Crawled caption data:
◇ ◇ ◇ ◇ ◇ ◇ ◇

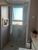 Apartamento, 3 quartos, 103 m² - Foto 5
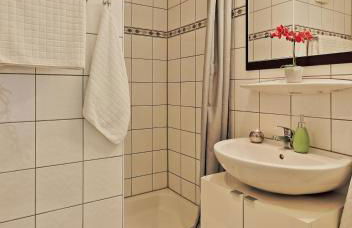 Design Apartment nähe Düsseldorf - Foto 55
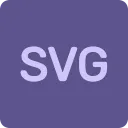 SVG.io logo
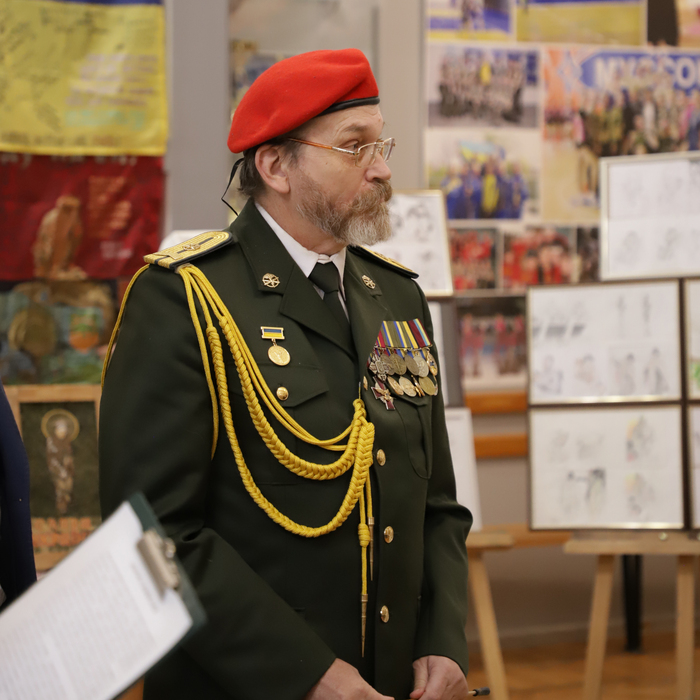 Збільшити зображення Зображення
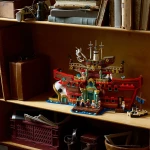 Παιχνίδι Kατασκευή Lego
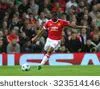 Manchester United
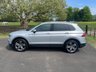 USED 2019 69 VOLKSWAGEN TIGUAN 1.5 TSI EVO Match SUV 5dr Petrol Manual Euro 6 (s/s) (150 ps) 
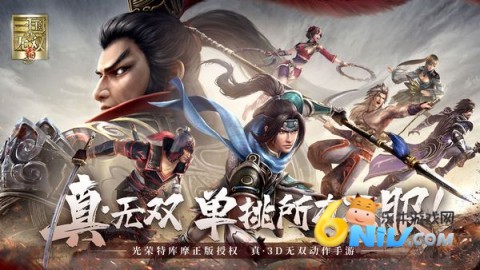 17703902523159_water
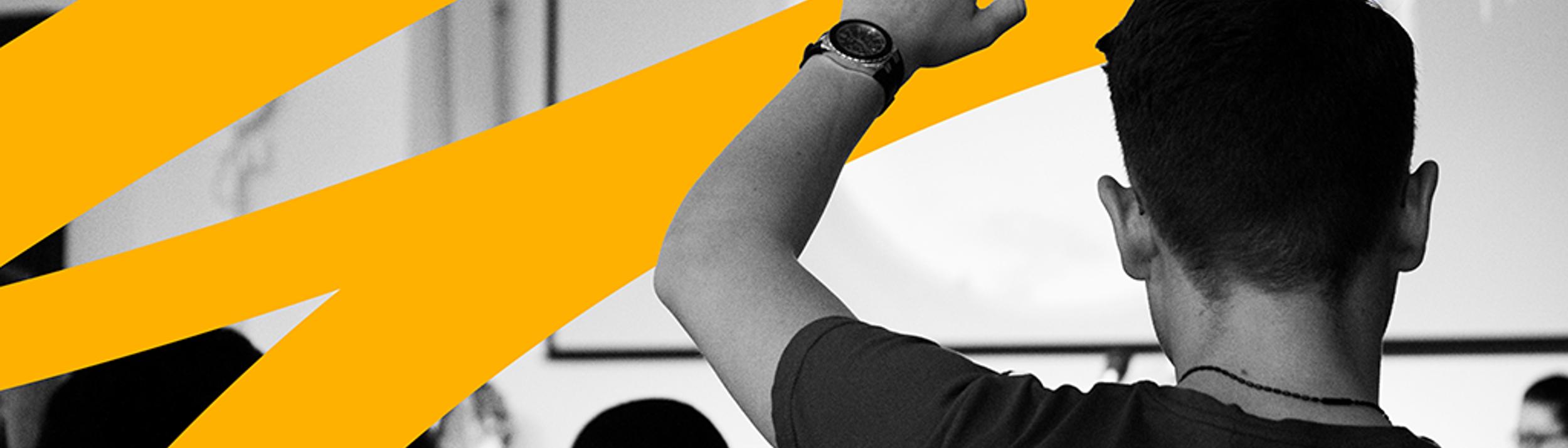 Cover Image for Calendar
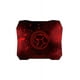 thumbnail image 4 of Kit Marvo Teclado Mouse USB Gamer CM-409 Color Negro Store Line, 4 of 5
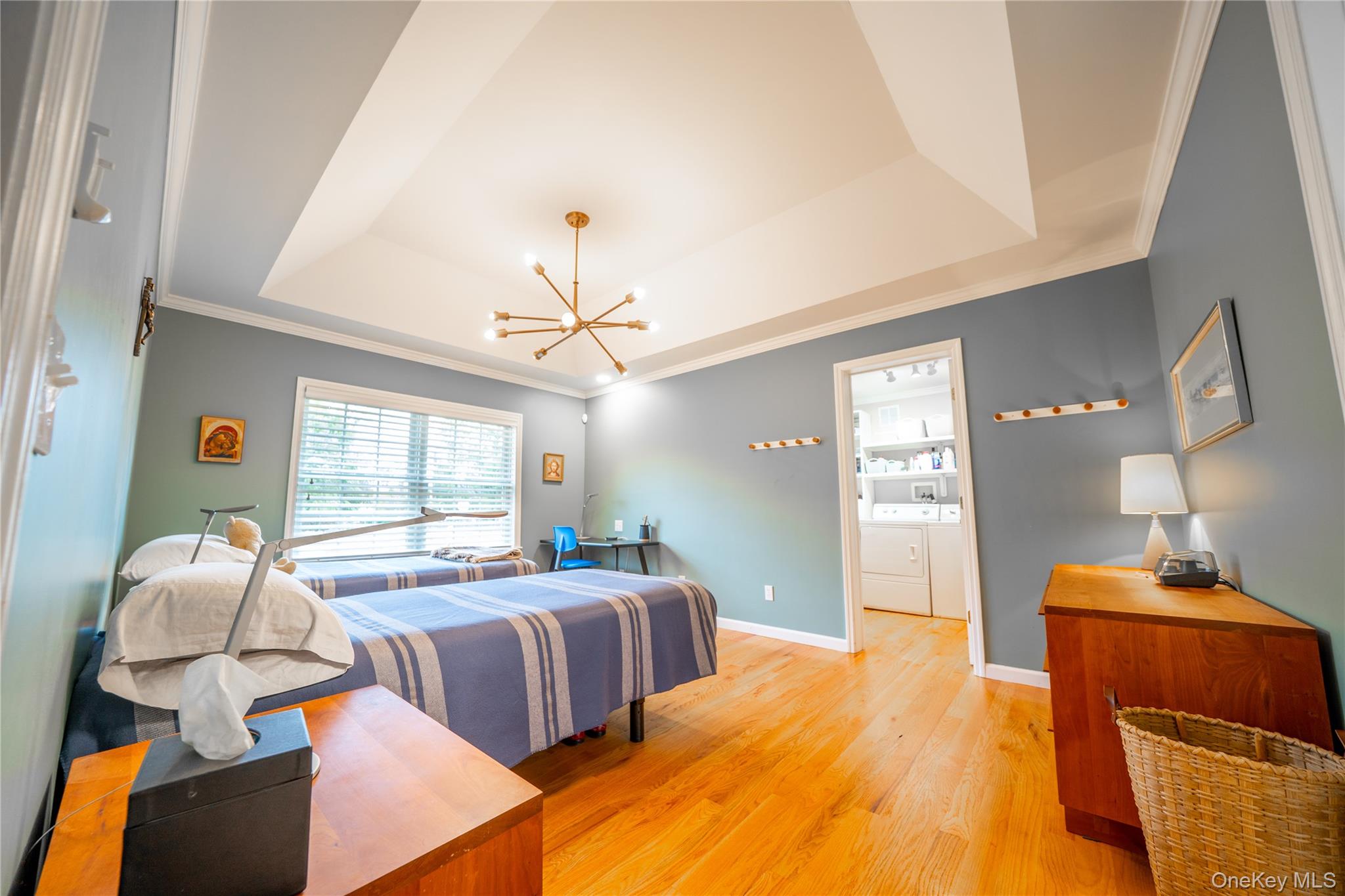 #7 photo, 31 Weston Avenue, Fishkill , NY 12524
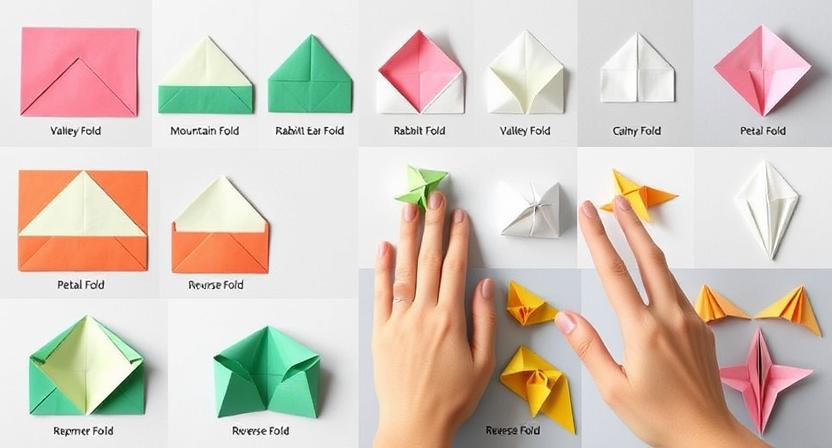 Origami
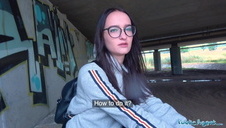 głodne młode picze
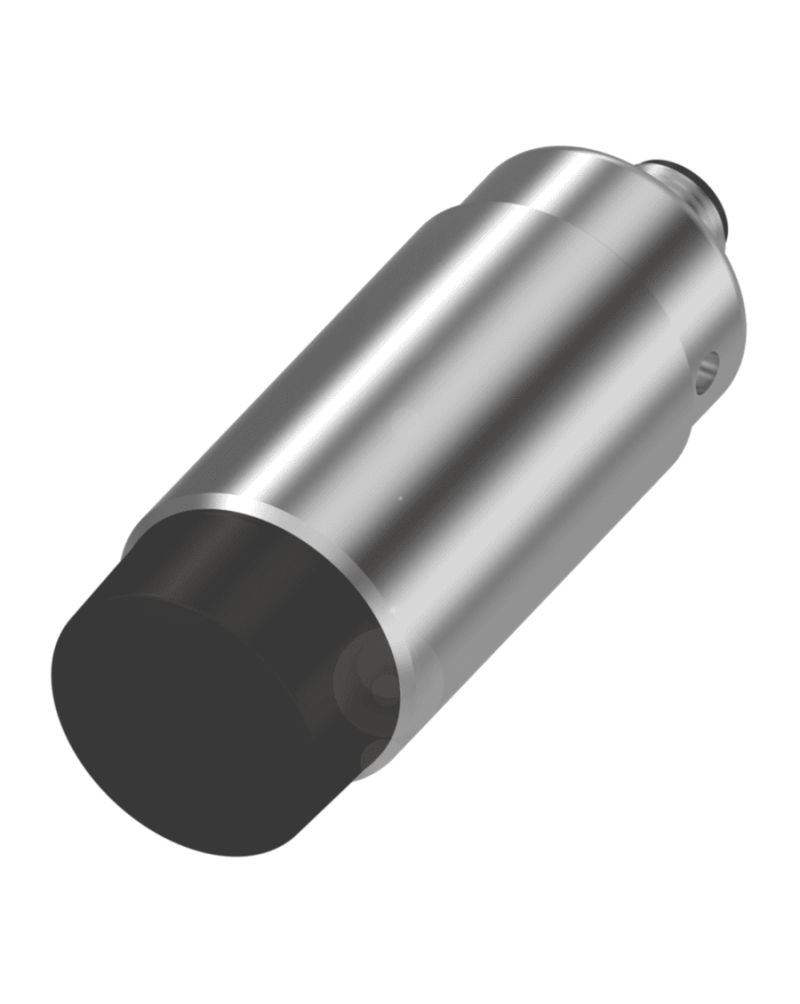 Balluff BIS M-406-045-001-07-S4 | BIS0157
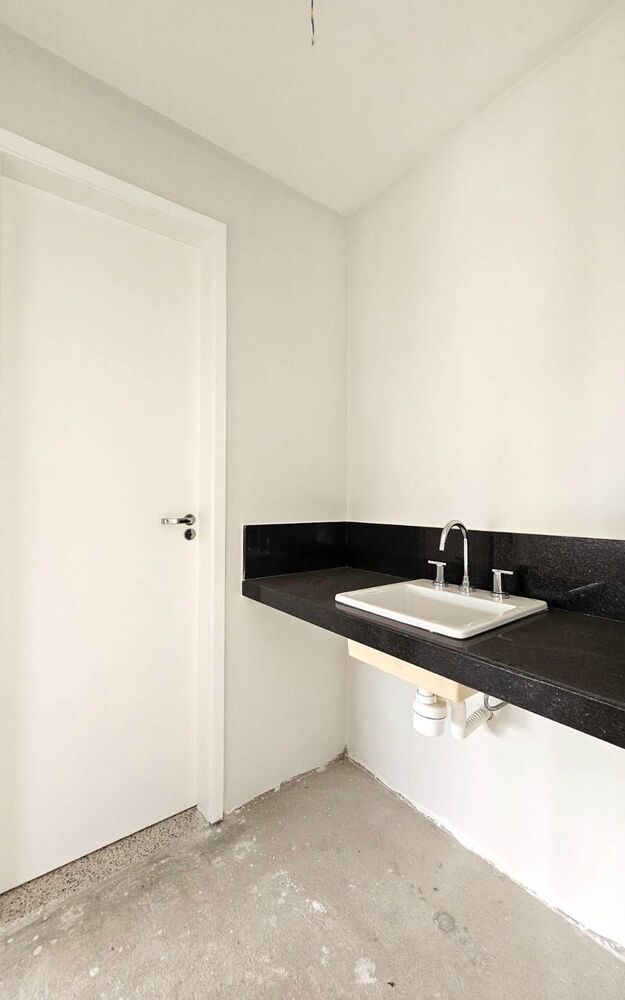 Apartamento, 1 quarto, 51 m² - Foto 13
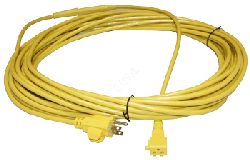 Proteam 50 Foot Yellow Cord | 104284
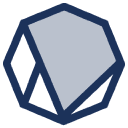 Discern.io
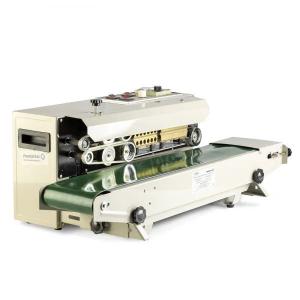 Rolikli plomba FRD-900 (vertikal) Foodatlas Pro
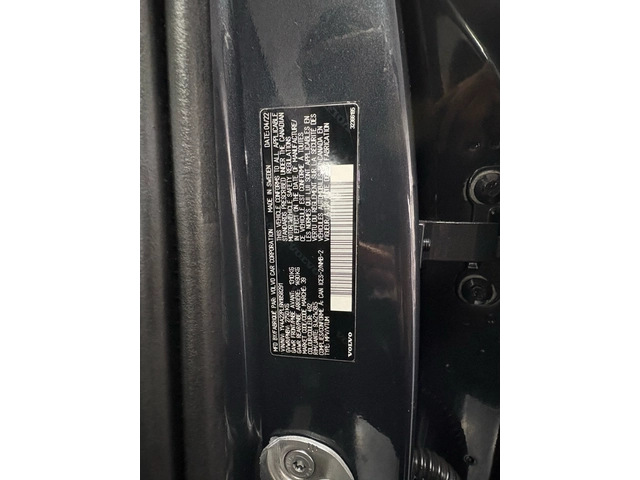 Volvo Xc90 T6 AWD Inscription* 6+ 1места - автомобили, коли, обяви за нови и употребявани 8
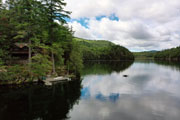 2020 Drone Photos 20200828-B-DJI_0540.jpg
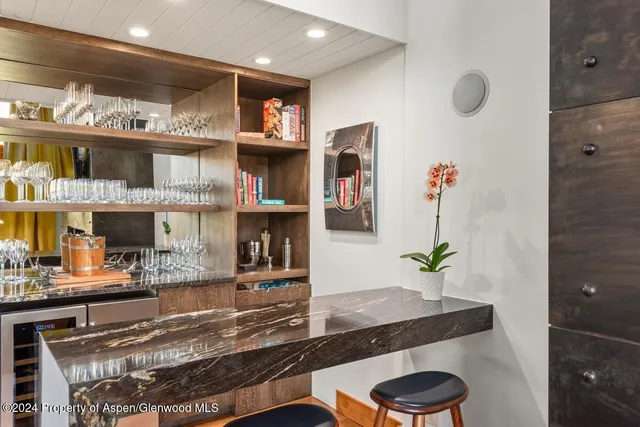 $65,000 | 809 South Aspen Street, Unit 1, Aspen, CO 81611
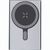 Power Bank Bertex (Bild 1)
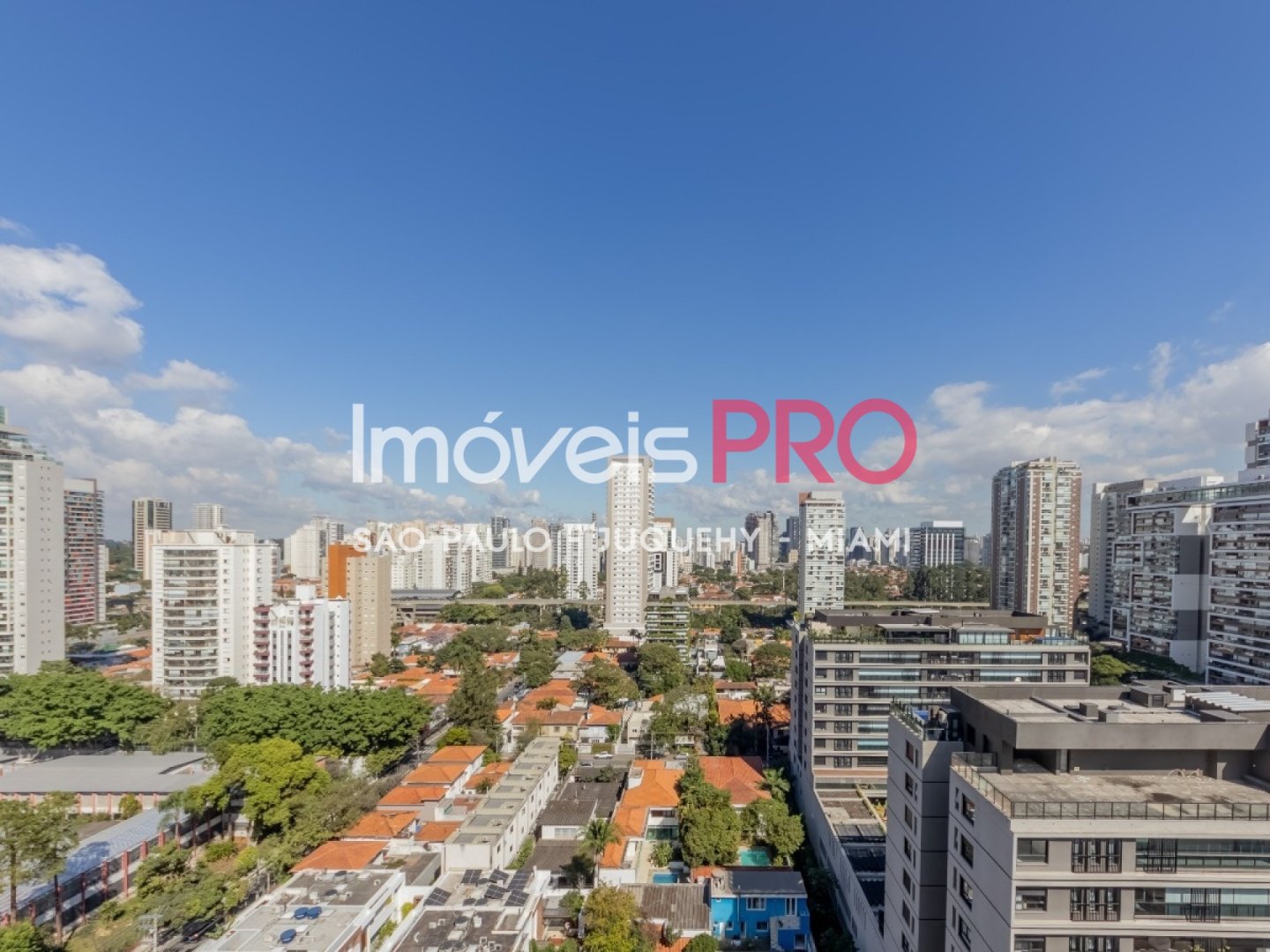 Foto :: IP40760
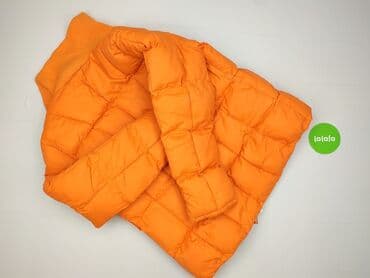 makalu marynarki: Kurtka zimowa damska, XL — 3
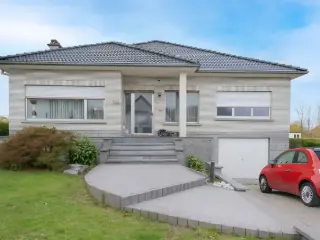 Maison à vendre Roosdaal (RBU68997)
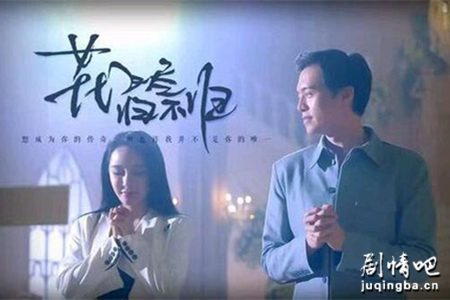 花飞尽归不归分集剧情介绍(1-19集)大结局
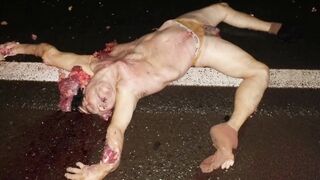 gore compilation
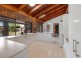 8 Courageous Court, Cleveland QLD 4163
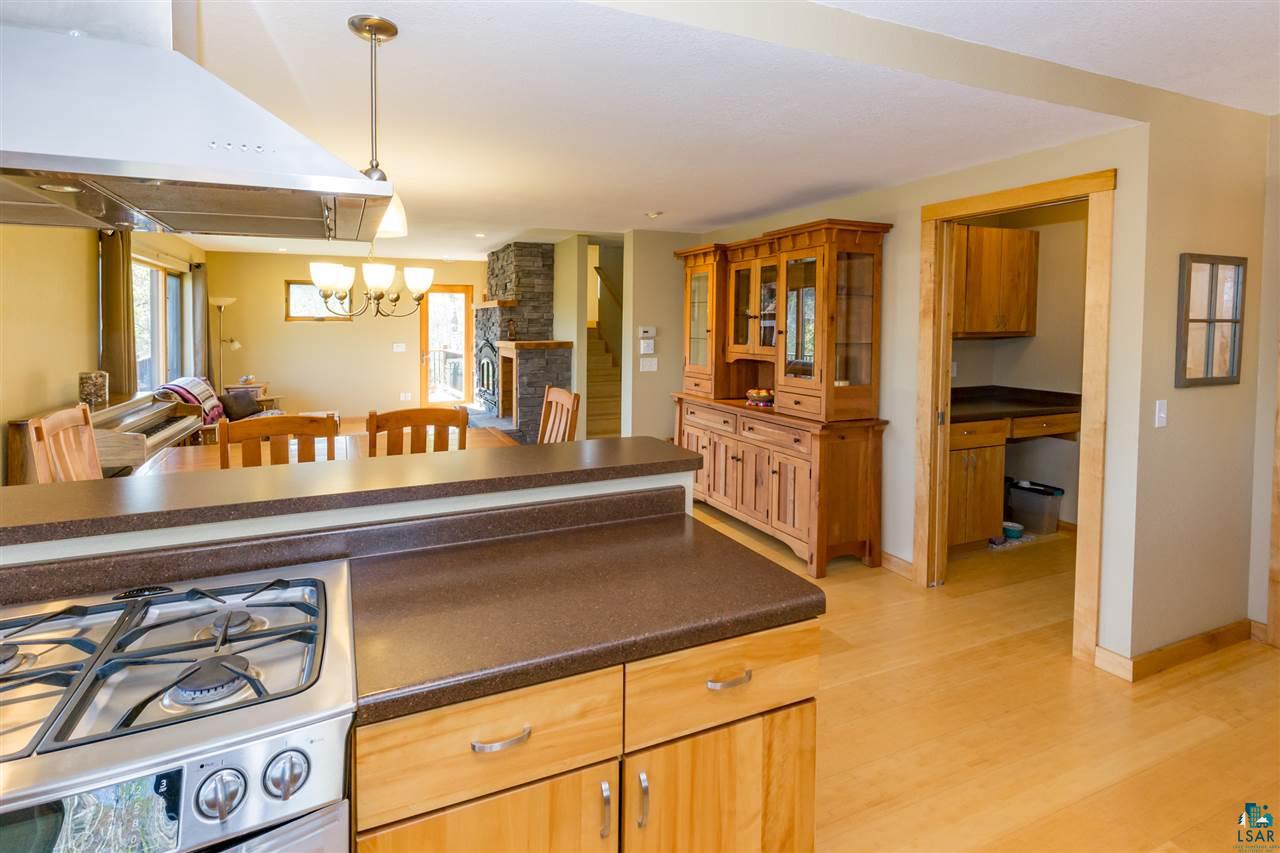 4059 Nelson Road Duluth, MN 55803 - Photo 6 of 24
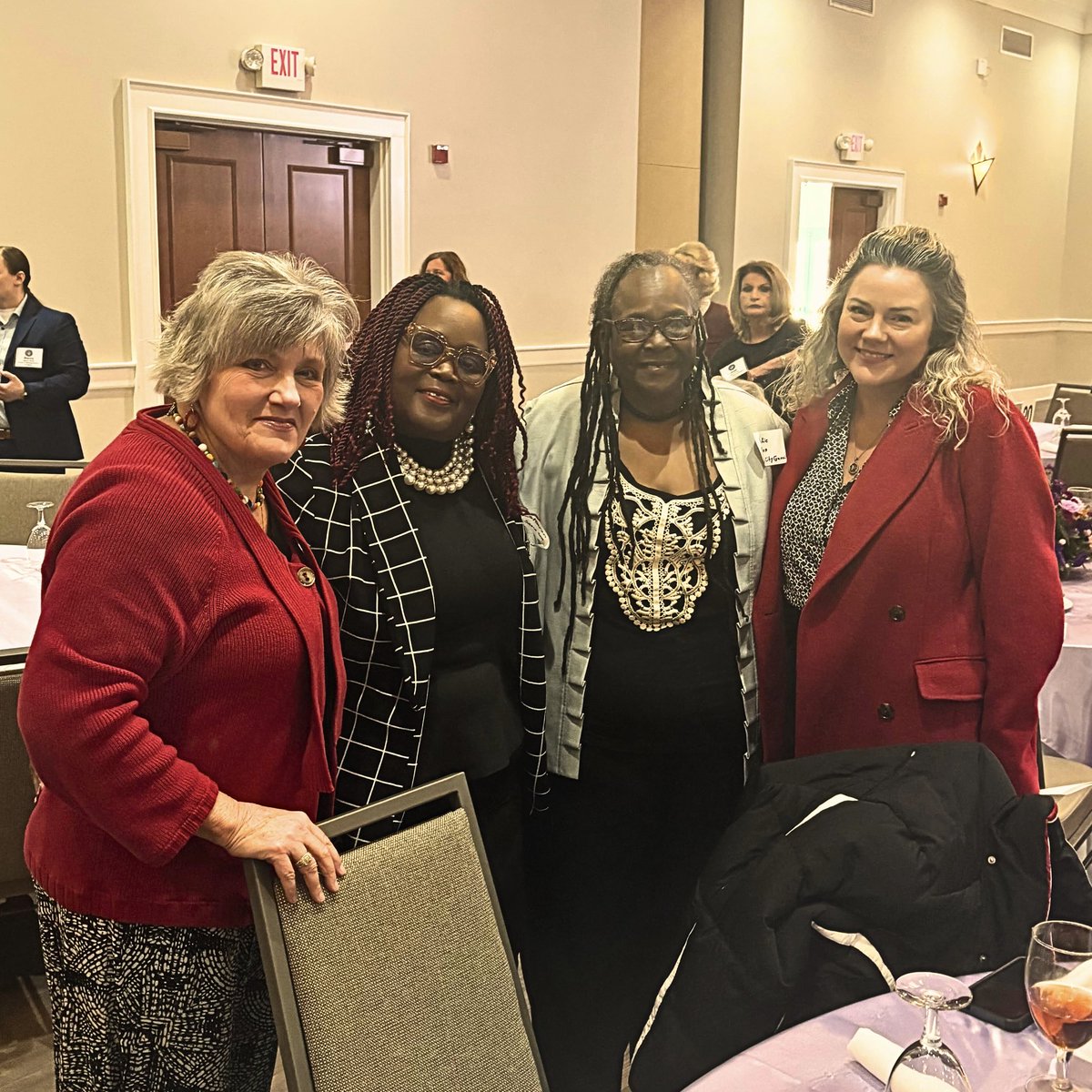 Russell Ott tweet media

◇ ◇ ◇ ◇ ◇ ◇ ◇

**Task requirements**. Set down nothing but the lines from the one containing "gore compilation" to the final line above, both included, with every picture left out.

**Expected answer**.
 gore compilation
 8 Courageous Court, Cleveland QLD 4163
 4059 Nelson Road Duluth, MN 55803 - Photo 6 of 24
 Russell Ott tweet media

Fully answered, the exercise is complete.